Normalmente, come si usa dire, il frutto non cade mai molto lontano dall’albero...
Così, purtroppo, molti figli ripercorrono proprio la strada tracciata dai propri genitori.
I figli di persone che hanno avuto problemi con la legge spesso finiscono per commettere gli stessi errori.
I figli di genitori che hanno avuto grossi problemi matrimoniali, di frequente finiscono con il manifestare tali problemi anche nel proprio matrimonio.
Gli esempi negativi possono influenzare molto un figlio, tuttavia può essere incoraggiante considerare che Dio, nella Sua grazia, può ottenere frutti insperati anche lì dove non ci sono buoni esempi.
È incoraggiante, a questo proposito, la storia biblica di Giosia che ha avuto due pessimi esempi nel nonno Manasse e nel padre Amon. Tuttavia, quando era ancora ragazzo, egli cominciò a cercare Dio (2 Cronache 34:3).
Purtroppo, a volte è vero anche il contrario: un buon esempio non è sufficiente a impedire che un figlio percorra la strada della ribellione. Ad esempio, Sallum, Eliachim e Sedechia, figli di Giosia, non seguirono le buone orme del padre ma furono tutti ribelli al Signore.
Anche se il vecchio proverbio “tale padre, tale figlio” è vero in molti casi, non possiamo quindi trarne una regola generale. A volte non basta essere dei buoni esempi per i propri figli per evitare che essi prendano delle strade negative. Allo stesso modo, grazie a Dio, ci sono figli che non hanno avuto buoni esempi in famiglia eppure hanno cercato e trovato il Signore. Questo conferma che i padri non potranno rispondere per i figli e i figli non potranno rispondere per i padri. Ognuno risponderà a Dio per il proprio peccato.
Questo però non significa che non valga la pena lasciare un buon esempio, anzi come genitori cristiani siamo ancora più stimolati a tare tutto il possibile per non essere un ostacolo sul percorso dei nostri figli. Potrebbe essere molto triste osservare dei figli che si allontanano da Dio nonostante il nostro esempio di fede, ma sarebbe ancora più triste essere coscienti di aver contribuito a tale allontanamento con il nostro cattivo esempio.
Principi validi per tutti
Questi principi non sono validi solo per chi ha figli.

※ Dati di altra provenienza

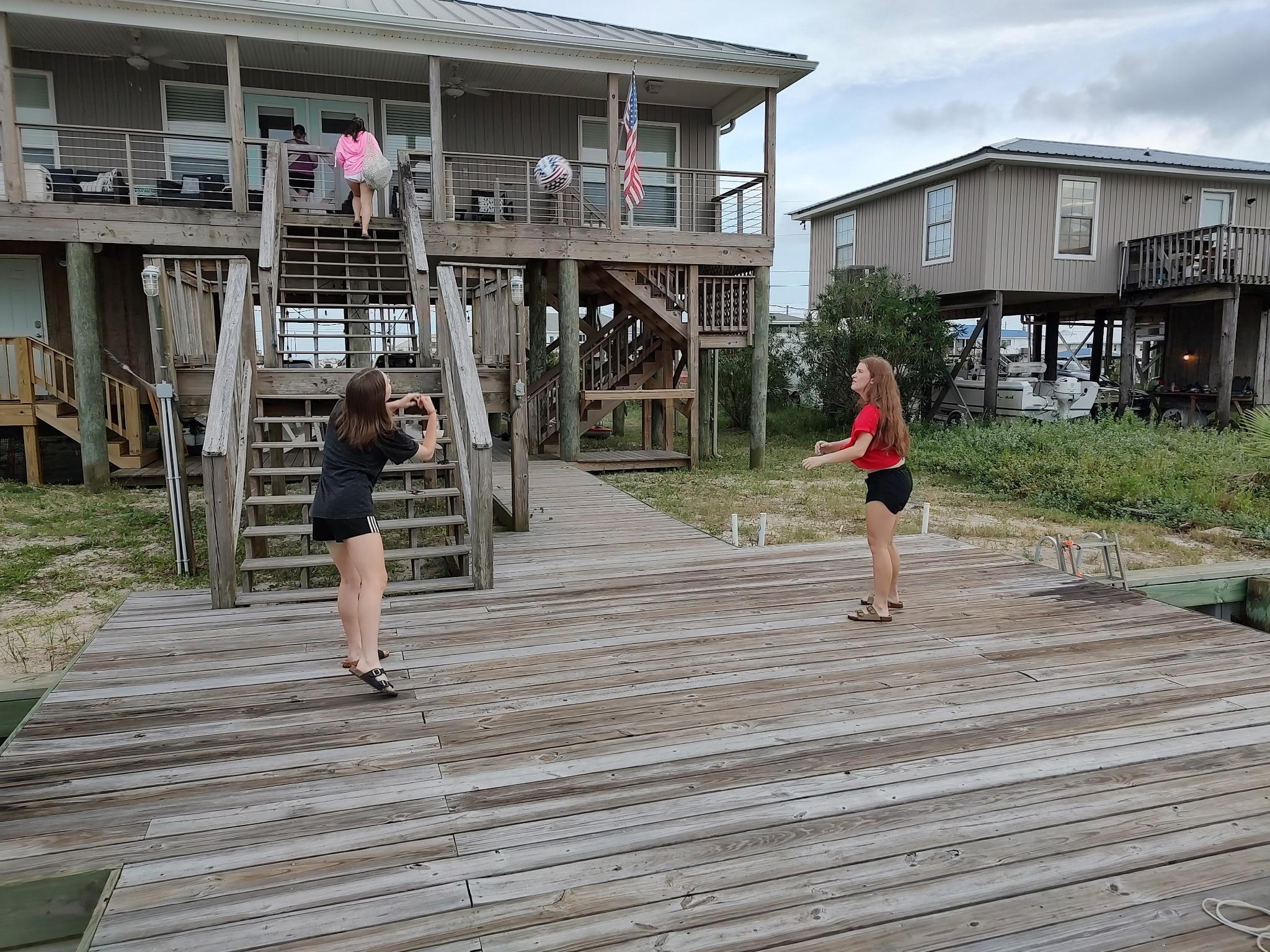 Our girls playing volleyball on the dock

Infatti se siamo dei discepoli di Cristo maturi, abbiamo comunque la responsabilità di essere di esempio alle generazioni più giovani.
Paolo scrisse a Tito: “Esorta ugualmente i giovani a essere saggi, presentando te stesso in ogni cosa come esempio di opere buone; mostrando nell’insegnamento integrità, dignità, linguaggio sano, irreprensibile, perché l’avversario resti confuso, non avendo nulla di male da dire contro di noi” (Tito 2:6-8).
Insegnare non solo con la parole ma attraverso l’esempio è proprio la caratteristica di un vero discepolato cristiano. Infatti la parola discepolo significa letteralmente “uno che impara” ma il discepolo, come era inteso anche ai tempi di Gesù, imparava stando a stretto contatto con il maestro, assorbendone le parole ma anche l’esempio di vita.
Gesù fece proprio così con i propri discepoli, come riassume la famosa frase che disse dopo aver lavato loro i piedi: “Infatti vi ho dato un esempio, affinché anche voi facciate come vi ho fatto Io” (Giovanni 13:15).
Se pensiamo alla chiesa come ad una famiglia più allargata, ci rendiamo conto che, proprio come in famiglia, non saranno le parole e i buoni consigli a fare la differenza, ma la pratica cristiana che i giovani vedranno in coloro che hanno più esperienza nella fede.
Ci stiamo davvero preoccupando di formare la prossima generazione di uomini e donne trasmettendo loro un amore vero per il Signore o stiamo trasmettendo solo una religione che non intacca il nostro stile di vita?
In un mondo sempre più lontano da Dio, sempre più lanciato verso la sua fine, abbiamo una grande responsabilità verso la generazione che viene dopo di noi. Il più bel regalo che possiamo fare a nostro figlio o ad un credente più giovane è dargli un buon esempio.